The VOA has a separate and equally important mission. It explains U.S. policy and helps foreign audiences understand America. Both missions are essential and cannot effectively be melded into a single station.

During the Cold War, Alexander Solzhenitsyn called our radio broadcasts “the mightiest weapon that the United States possesses to create mutual understanding between America and the oppressed Russian people.” Recognizing this in the 1980s, we strengthened our broadcasts to the Soviet empire. They were arguably the most influential instrument we had to embolden domestic resistance to that regime. They not only connected us with the people, they enabled the people, who established underground lines of communication with their radios, to communicate among themselves, organize and create a critical mass of resistance. When asked about the importance of radios to the rise and survival of the Solidarity movement in Poland, Polish President Lech Walesa replied, “Would there be life on earth without the sun?”
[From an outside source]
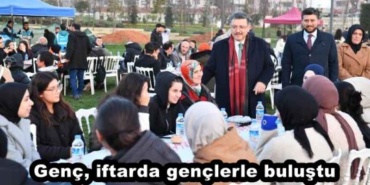 genc_iftarda_genclerle_bulustu_h46403_f49b8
Similarly, VOA inspired the pro-democracy 1989 Tiananmen Square demonstrations, which were cruelly suppressed by our current “trading partners.”
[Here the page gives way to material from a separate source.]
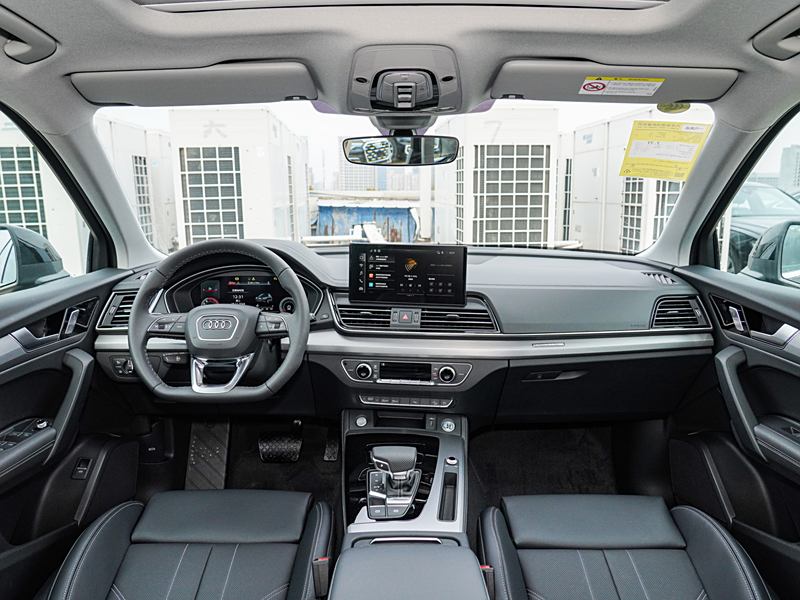 上海奥迪Q5L年末降价狂欢，最新报价24.33万！优惠不等人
U.S. policy has long hoped that Chinese economic reforms would translate into political reforms. But this has not happened. Instead, we see China pursuing Cold War policies: 25,000 spies in the United States; relentless cyber-attacks on our corporations, government agencies and China experts; nuclear proliferation to Iran and North Korea; massive military buildup; regional hegemonism; and propagandizing its people and armed forces that the United States is the “main enemy.”

Meanwhile, as we steadily lose our economic and military edge over Beijing for $8 million – not saved, but reprogrammed – we are throwing out what may be our most powerful leverage: our alliance with millions of its oppressed people for whom dissent is still rewarded with slave labor in the Chinese gulag.

We may wake up one day to the reality that Beijing is poised to subject us to strategic blackmail while we are in a state of strategic inferiority. We then may have no choice but to kowtow and become one of China’s tributary states. One of the few things that could prevent such a scenario would be political change prompted by the Chinese people. Only one strategic asset can help promote such change: our ability to support the Chinese people’s desire to reclaim their freedom and their human dignity. Their capability to do so, like that of the peoples of the Soviet empire, depends heavily on our ability to communicate with them now and give them the instruments to communicate with one another. The VOA’s China broadcasts already contribute mightily to this capability, and prudence dictates that they must be preserved.

John Lenczowski, formerly President Reagan’s Soviet affairs adviser, is president of the Institute of World Politics. He is author of “Full Spectrum Diplomacy and Grand Strategy” (Lexington Books, 2011).